To all my visitors on the BrakeBlog and Christian Heights, THANK YOU! Stay tuned for the follow-up post when we find out what were the results of this experiment.

The BrakeBlog is Packing to Move!

Posted by – January 7, 2012

energynet datacenter

Energynet Datacenter

I have been a GoDaddy customer since 2003. For the vast majority of that time the service from GoDaddy was acceptable though not excellent. I tolerated many of GoDaddy issues because none justified the time necessary to switch. The most recent example happened in September 2011. The website for Christian Heights began loading very slowly and throwing “500 Internal Server” errors. When I emailed Support about this, their best response was to paraphrase; “It’s not our fault! WordPress is slow, you need to optimize your database.”

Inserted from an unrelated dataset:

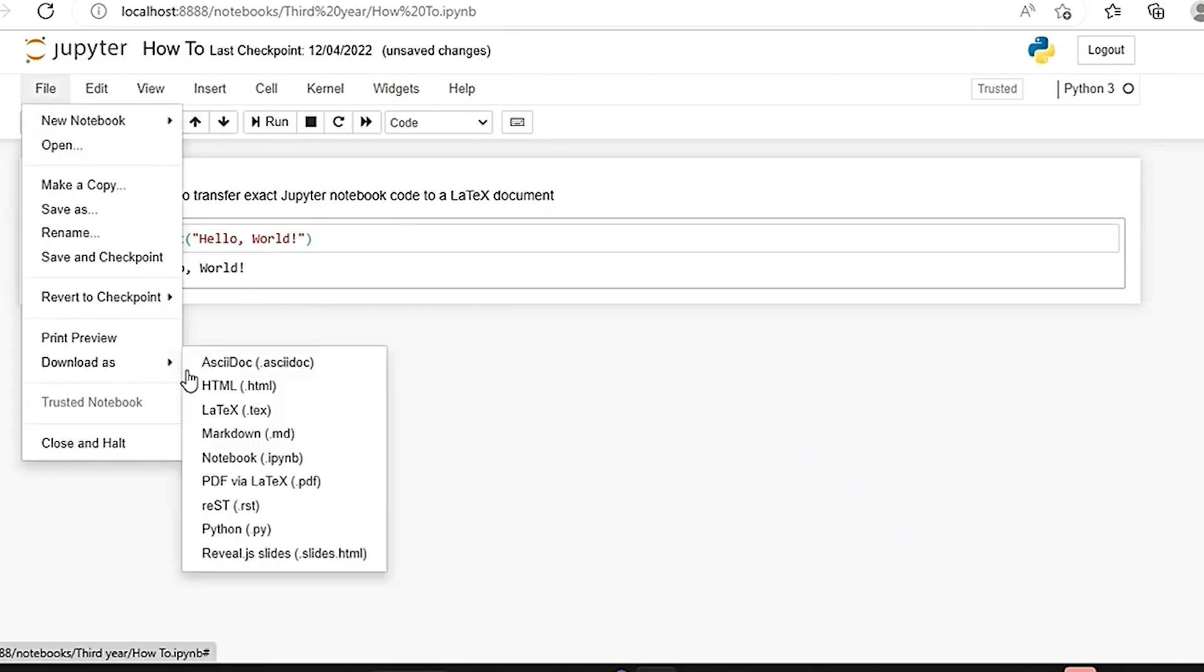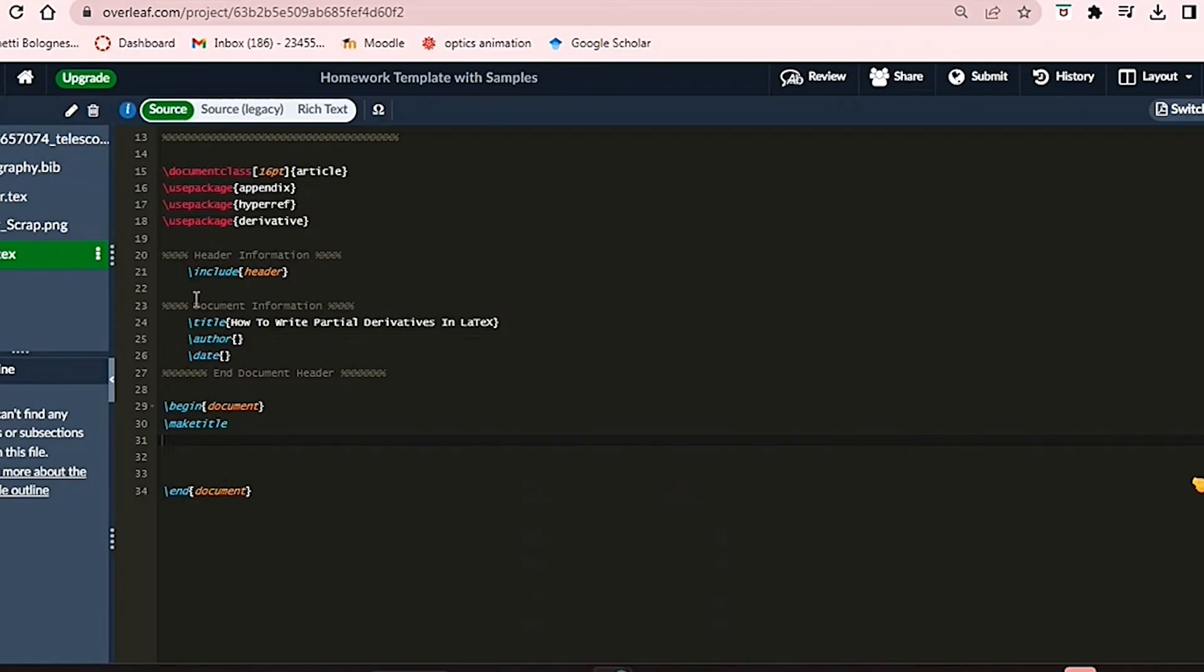If you encounter an error due to missing packages, you can use an alternative method. If you prefer not to use the built-in download feature, or if it doesn't work, you can use Overleaf, an online LaTeX editor. Download the text file from Jupyter Notebook to your computer.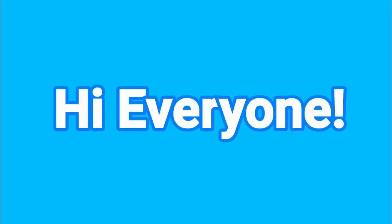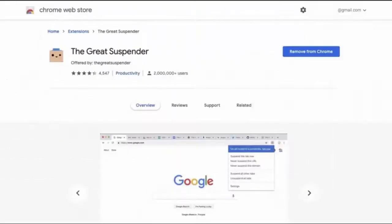Hi everyone, welcome to the new video on this channel. In today's video I'm going to talk about Great Suspender alternatives. If you have questions like what is Great Suspender or what are the best alternatives for Great Suspender, then this video is for you. Great Suspender is a lightweight Chrome extension and a solution to prevent the browser and page from slowing down.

Our administrators actively monitor the performance of our hosting and balance the load on the servers as needed. However, as your site is hosted within a shared environment, you may experience periods of reduced performance. This can generally be caused by the application interfacing with the database or just to the amount of content the site contains. You can improve performance by optimizing the fields and tables of your database.

They are full of —— er, baloney. I know this primarily because the problem stopped immediately after I contacted them even though Support never admitted to doing anything. I have shopped for alternatives before but never bothered to make a serious move because Godaddy was always the cheapest among the mid-tier registrars. Being cheap always trumped whatever service problems I experienced.

It became a matter of principle when I read that Godaddy was supporting SOPA/PIPA. This time I am strongly motivated to leave Godaddy. I picked Hopkinsville Electric’s Energynet service to be my new web host. Energynet being local is very important. It is the primary reason why I am willing to pay more. I have taken the first step by transferring ericbrake.com to Hover. I expect to move christianheightsumc.org and ericbrake.ws also though not immediately. ericbrake.com will operate as a test site while I learn how to migrate both blogs to new installations of WordPress.

WP 2.7 Changes

Posted by – February 11, 2009

WordPress v2.7 was released several weeks ago and I waited for compatibility news about Barthelme, my blog theme. That was until I read this post by the theme author.  The author is giving up maintainership and he wants to pass it on to someone else. So… we’ll find out what happens with that in the future.

In addition, I am able to eliminate one plug-in from my wordpress install. WordPress 2.7 now allows you to expire comments on old posts. Which makes comment timeout less necessary, even though the plug-in has more functionality than what is built-in to WordPress.

Free Godaddy hosting

Posted by – May 28, 2008

I’m building an experimental website for my church that might not live to see the light of day. So I thought it would be good to build it temporarily using a free account until I was ready to put it live on the internet. Little did I know the severe reaction that would happen between the WordPress administration pages and Godaddy’s ad banners.
Free Godaddy Hosting
Maybe this is Godaddy’s way of getting quick upgrades to paid accounts? Seems pretty effective, after only a couple of days it’s way too annoying.

limiting breakage

Posted by – May 13, 2008

WordPress developers spend a great deal of time making their software standards-based. A vanilla install of WordPress will pass the W3C’s validator easily that is until you try to embed flash video. The classic flash embed code includes the non-standard <embed> tag unique to the netscape browsers. However, there are methods of embeding flash with valid markup except that the non-standard behavior of Internet Explorer continues to get in the way. In order to get the same behavior in all browsers a hack like the Satay Method is required. Given that the videos I want to embed are random things from youtube and other sites using a container flash movie won’t work. So the simple work around I’m using is to insert WordPress’s <!–more–> tag and place the video after it. This limits the non-standard code to just the individual post page and it keeps the rest of my website standards compliant.